Musicscan: The feeling and the spirit of the music of the The Ex and Getatchew Mekuria is in many ways very similar. Would you agree?
The Ex: Yeah, to our own surprise his and our music really fit very well together. When we started out, making the arrangements and rehearsing for the first time, we were still not sure if and how it would work, but as soon as we practiced together with the horn-section things fell into place...these catchy Getatchew melodies go wonderfully well with our punky sound.
Musicscan: The problem with most "world music" or "fusion music" is that the respective elements usually remain separate and somewhat isolated. In your case, however, both musical elements seem to blend perfectly and actually create something new and very unique. How did you achieve this and were there any discussions about where things should go before you started playing?
The Ex: Like I said, we were not sure what it would lead to. However, during our existence as a band we have learned that, although we aren't so good at copying other people's music, we do know how to make other people's music ours. If we are inspired by that music, we kind of manage to focus on its key elements and adapt them into our own style. We trust our instincts in that matter. So a lot of the stuff is wilder than the old versions we heard, and to some we added new texts and vocals.
At first, we weren't sure what Getatchew would think of it, but as soon as he heard our interpretations he was totally into it.
Musicscan: You have been making music together for over 25 years now. Has your relationship to music changed over the years? How do you keep things fresh for yourselves?
The Ex: About five years ago, we had a very tough moment, when one of our core members for almost 20 years left the group, as we couldn't agree anymore on the main course together. That wasn't an easy decision, for none of us, but I think, this crisis made us reflect on what we have been doing all these years and why we were doing it. We started to realize that this band is even much more important to us than we thought. And in that sense, I think all of us have even more focused on making music together a success since then. How do we keep it fresh? By sometimes doing other things instead... taking a break, doing a side-project, musical or otherwise. That's inspiring, too, and in return in the end somehow the good things of your other involvements have a positive influence on the music.
Musicscan: Did you have certain musical or aesthetic goals for the band?

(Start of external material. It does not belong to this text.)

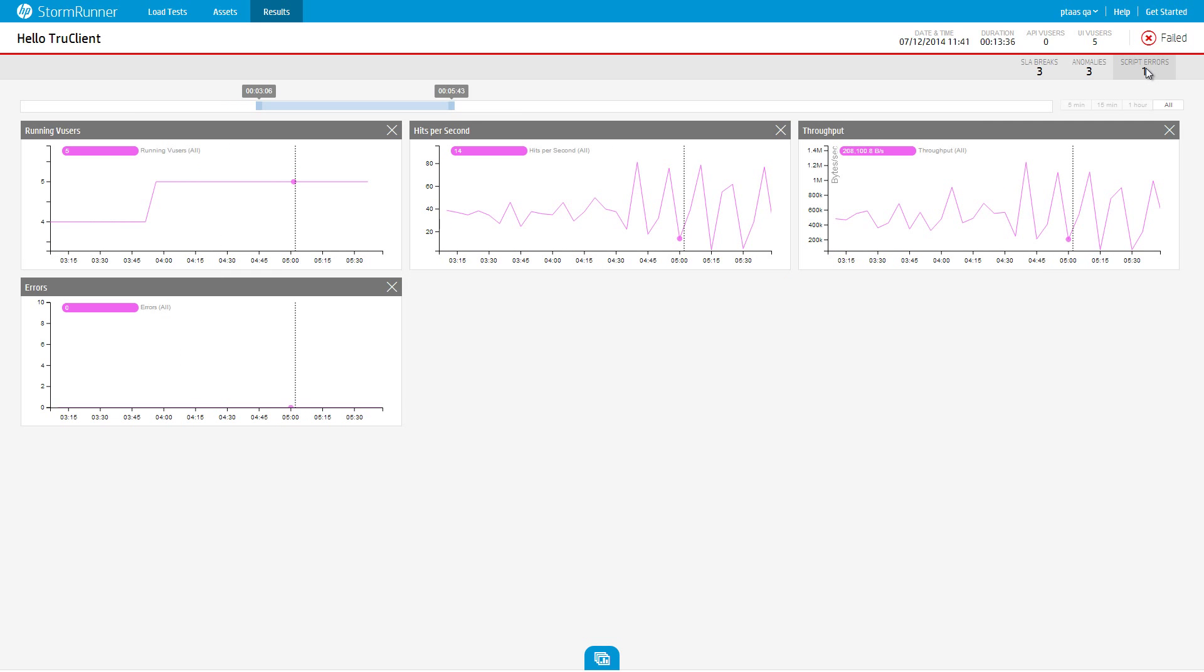Script errors occur when any of the running users in the test encounters an error. For each script error that occurs, a notification appears in the Script Errors section of the Notification panel.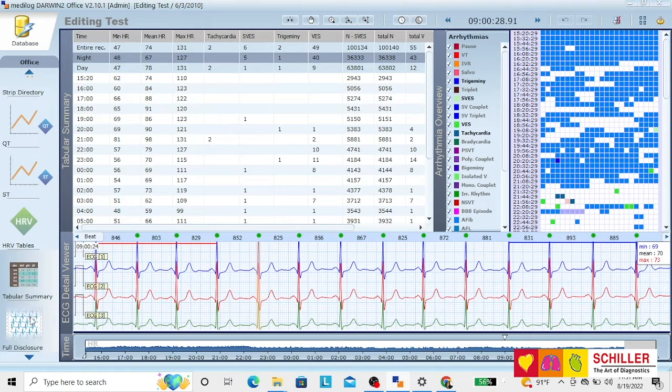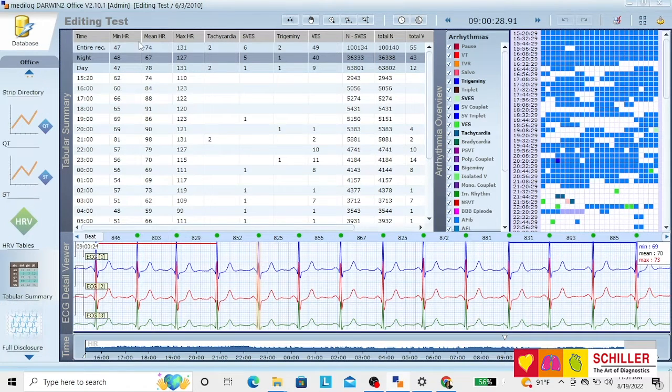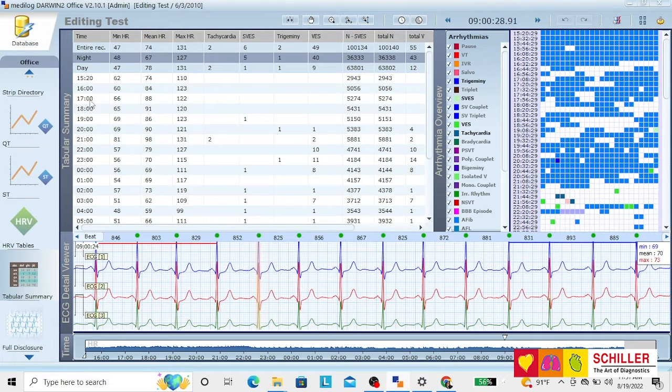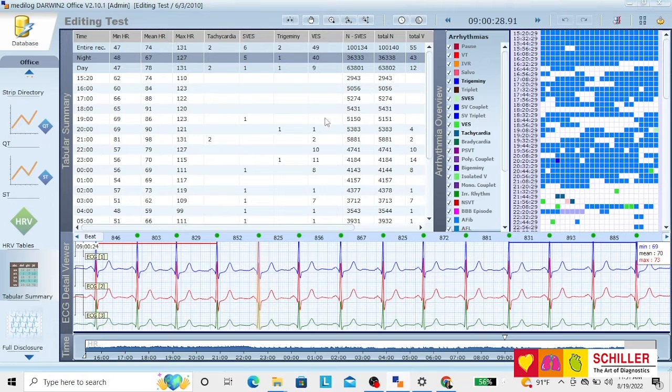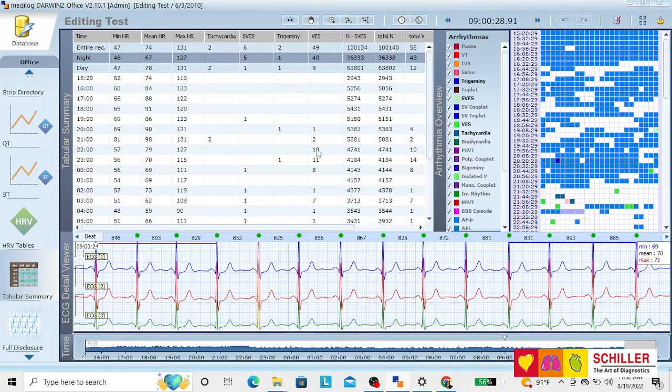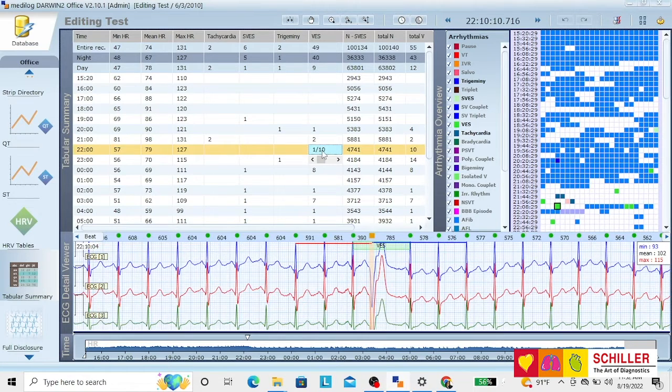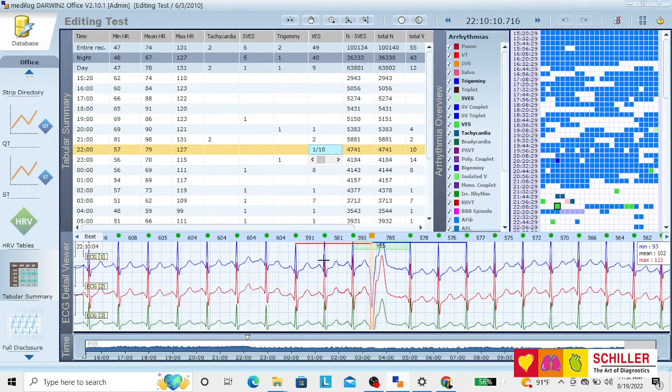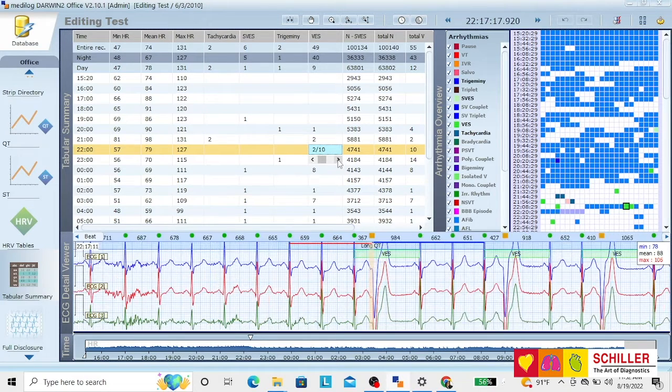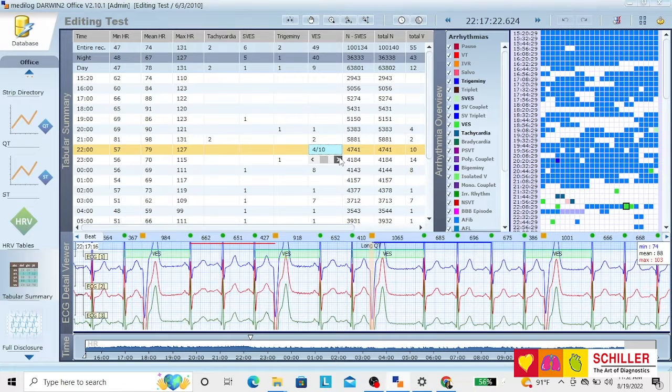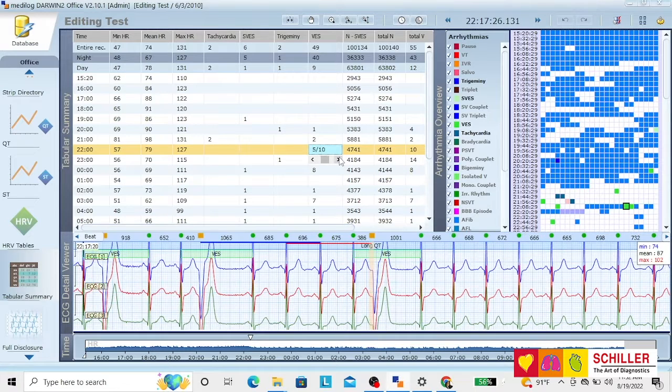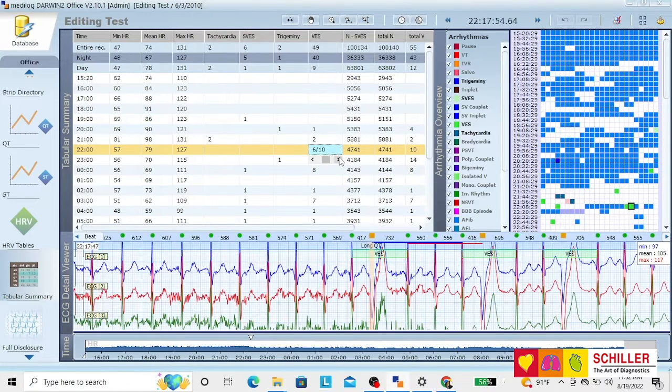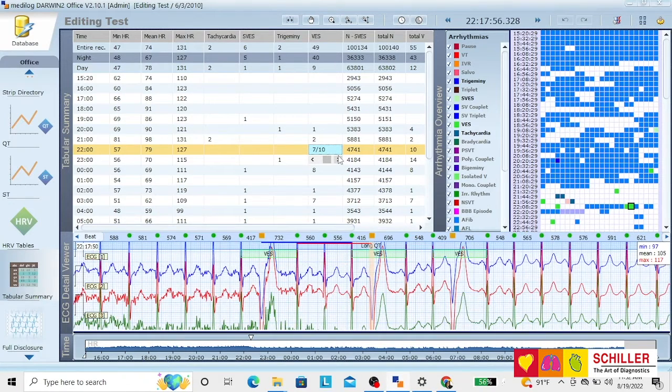When you go to your tabular summary, you will have all the events happening hourly. You just click on the events that you see here, let's see, 10 ventriculars, and when you click there, you see that it opens a strip, and you can review them one by one without any trouble.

The Ex: No, not really. In the beginning, we didn't know so well what we did want, but we very well knew what we didn't want. We knew we wanted it to be different, but we didn't know how. We have nothing against traditional rock, for instance, but we're not interested in playing that kind of music ourselves. We wanted something of our own and we thought that was much more challenging and more of an adventure than repeating what had already been done. If we have a goal now, I think it
would be the fact that we want to keep on improving ourselves in order to make more
beautiful and new music.
Musicscan: What makes for the perfect song in your opinion? Have you ever achieved something like a perfect song in your opinion? How would you define a perfect song?
The Ex: This I find too difficult to answer, really. There are "perfect songs" in all different kinds of shapes and formats, at the most unexpected moments, and probably most of them were created without the creators realizing they had come up with a perfect song. That is probably its magic, the fact that there is something indefinable about it. On the other hand, I personally believe that perfection is boring, and that the imperfections give the song its sense of "perfection".
Musicscan: Is it necessary to create a certain distance between you and the music in order to get a better understanding of its inherent quality?
The Ex: I don't know. It may be good to now and then reflect on what one has been doing, but trying to understand it too much might kill its magic. Maybe it’s better not to try to know. In the end, I think when you feel it's good, it's good.
Musicscan: Do you think there are still genuinely new sounds to be discovered or can modern music basically be said to be a recombination of already existing forms and elements?
The Ex: Yeah, I'm sure there will always be new sounds to be discovered. Also, the recombination of already existing forms and elements can lead to that. They are branches of the same tree. They might grow in different directions, but occasionally their paths may cross or new branches will grow.
Musicscan: Is pop music always already global these days or do you think that there are always local specificities/aspects that mark and distinguish certain regional and cultural aspects?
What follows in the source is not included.